Carenza di infermieri e Oss "acciaccati". Prendono Tranchida sul personale
Stefano Rizzi 15:41 Mercoledì 27 Agosto 2025Alla Città della Salute solo circa il 50% degli operatori sociosanitari non ha limitazioni a causa di età e patologie. E serve assumere in fretta almeno 150 paramedici per coprire il turnover. Le priorità del sindacato per il nuovo direttore generale
Saluti, convenevoli di rito e subito dopo “la priorità assoluta”, come Claudio Delli Carri segretario regionale del sindacato Nursing Up definisce la carenza di infermieri e operatori sociosanitari alla Città della Salute. Nell’agenda del nuovo direttore generale Livio Tranchida che si insedierà in corso Bramante lunedì prossimo ancora non c’è la data dell’incontro con i sindacati del comparto. Ma da lì già si preannunciano le questioni da affrontare.
“Da oggi alla fine dell’anno lasceranno il servizio non meno di 150 infermieri e non è pensabile non coprire in tempo e totalmente il turnover, anche se si rimarrà sempre al di sotto dell’organico necessario”, sostiene il sindacalista che giudica “assolutamente insufficienti le 91 assunzioni fino ad oggi prospettate” e a sostegno della rivendicazione rimanda al peso sempre più ingente delle prestazioni aggiuntive. Queste ultime, a detta del sindacato, un indicatore eloquente della carenza di personale, dei turni scoperti cui si pone rimedio proprio con le prestazioni aggiuntive.
A tutto questo si aggiunge pure la questione fino ad ora irrisolta degli infermieri dell’Emergenza 118 dipendenti dall’azienda di corso Bramante sul cui futuro dalla Regione e da Azienda Sanitaria Zero che dovrebbe vederli transitare alle sue dipendenze non è ancora arrivata una mezza parola di chiarezza, nonostante le ripetute richieste dei sindacati.
Tra piani che si moltiplicano e progetti di cui si sa poco o nulla, la scadenza della proroga delle convenzioni fissata a fine anno si avvicina.
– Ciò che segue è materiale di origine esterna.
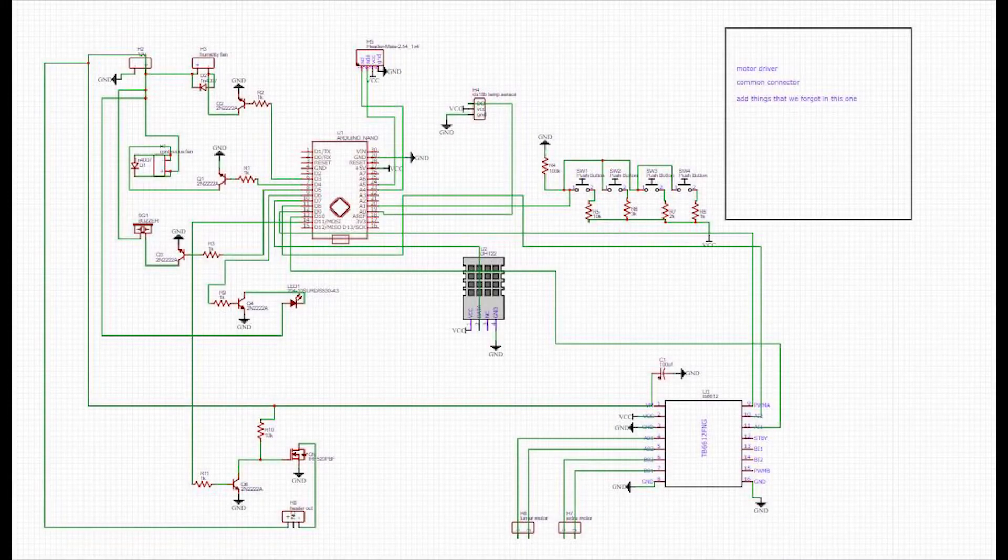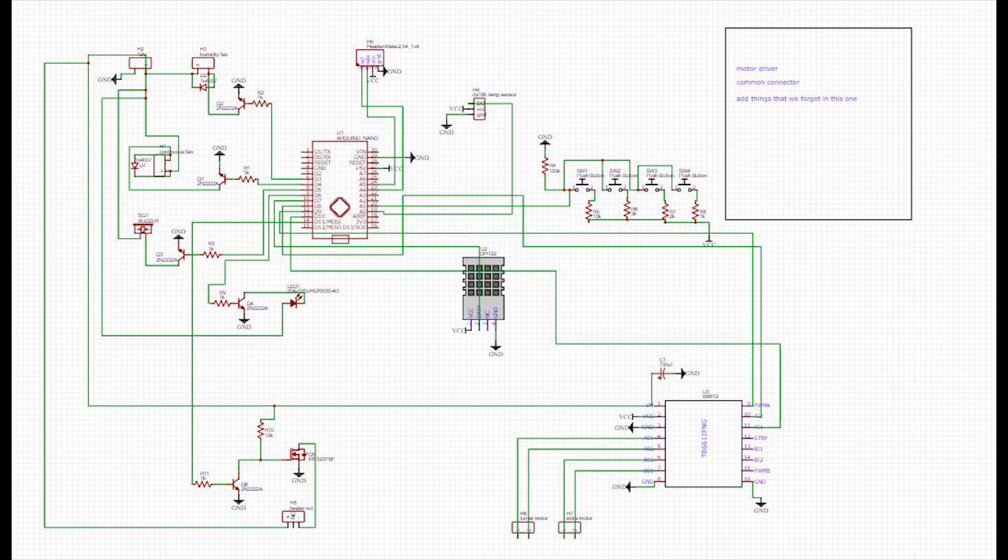Hey guys, welcome back to part 4 of our incubator series.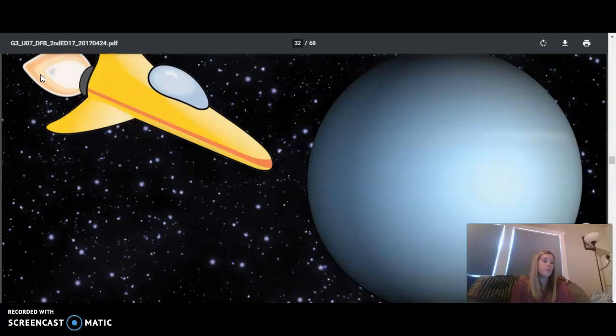Like the other gas giants, Uranus also has rings and moons, though the rings are not easy to see like Saturn's rings.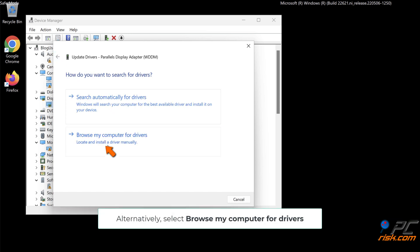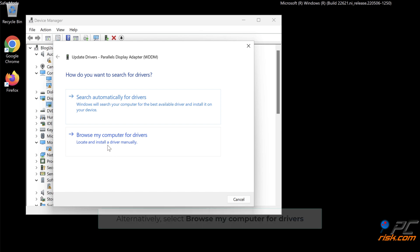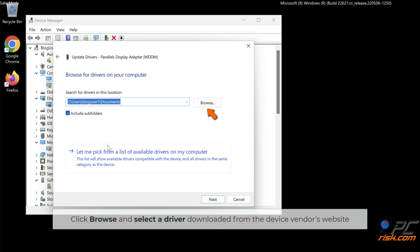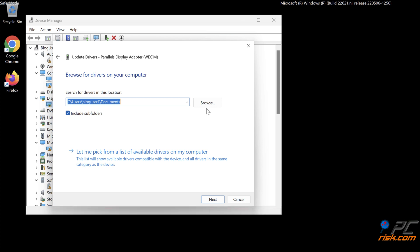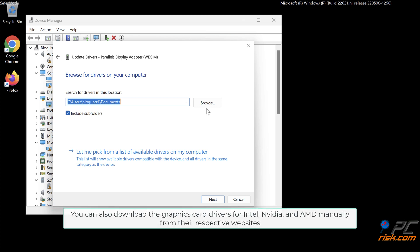Alternatively, select Browse My Computer for Drivers. Click Browse and select a driver downloaded from the device vendor's website. You can also download the graphics card drivers for Intel, NVIDIA, and AMD manually from their respective websites.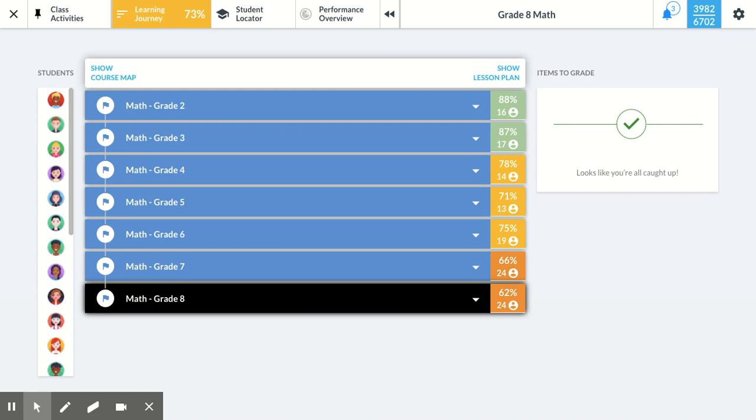So at the very highest level, we have the traffic light system, with green being good or mastery above 80%, yellow indicating some struggle, and red indicating a lot of struggle.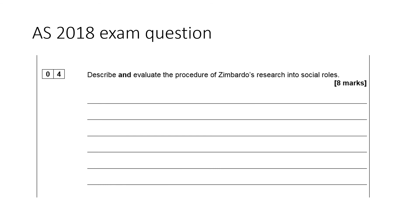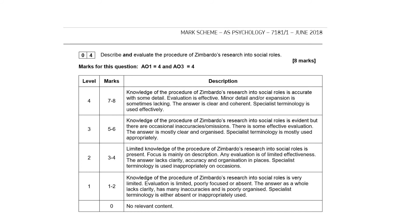I've now attached a 2018 AS exam question relating to Zimbardo: 'Describe and evaluate the procedure of Zimbardo's research into social roles' for eight marks. I'd urge you to have a go at this — practising questions really does ingrain the information. The mark scheme shows AO1 for four marks and AO3 for four marks, which is an equal split because it's an AS paper.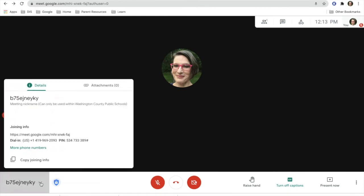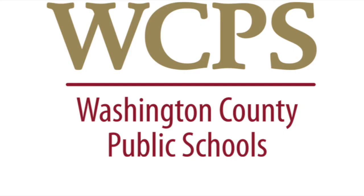At any time during the meeting, if you have to copy the joining info for one of your colleagues or principal to come in, you can copy it this way.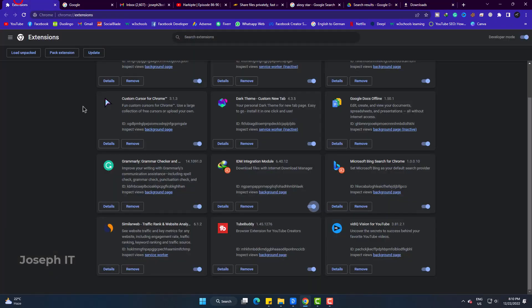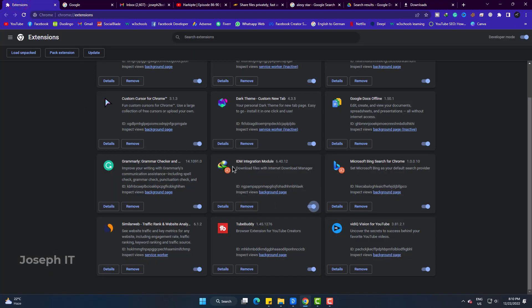But my IDM extension is still active and working for other sites. So, I'm just going to apply a simple trick.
Nell’agenda di Tranchida una voce da sottolineare è pure quella degli Oss, ovvero gli operatori sociosanitari che alla Città della Salute sono circa un paio di migliaia, anche se come ricorda Delli Carri “un alto tasso di limitazioni riduce quasi alla metà l’organico su cui poter effettivamente contare per lo svolgimento appieno di tutte le funzioni assegnate a questa figura professionale”. Problemi legati all’età mediamente alta e in gran parte sopra i 55 anni, a problemi di salute e altro ancora portano a un’enorme differenza tra l’organico sulla carta e quello effettivamente utilizzabile.
Con un’ampia parte del personale non impiegata nell’assistenza dei pazienti e nella copertura dei turni “rappresenta un grosso problema che impone una revisione degli standard assistenziali e delle procedure", come spiega il segretario regionale di Nursing Up. A fronte di un quadro del genere, quest’anno sono state deliberate soltanto 15 assunzioni.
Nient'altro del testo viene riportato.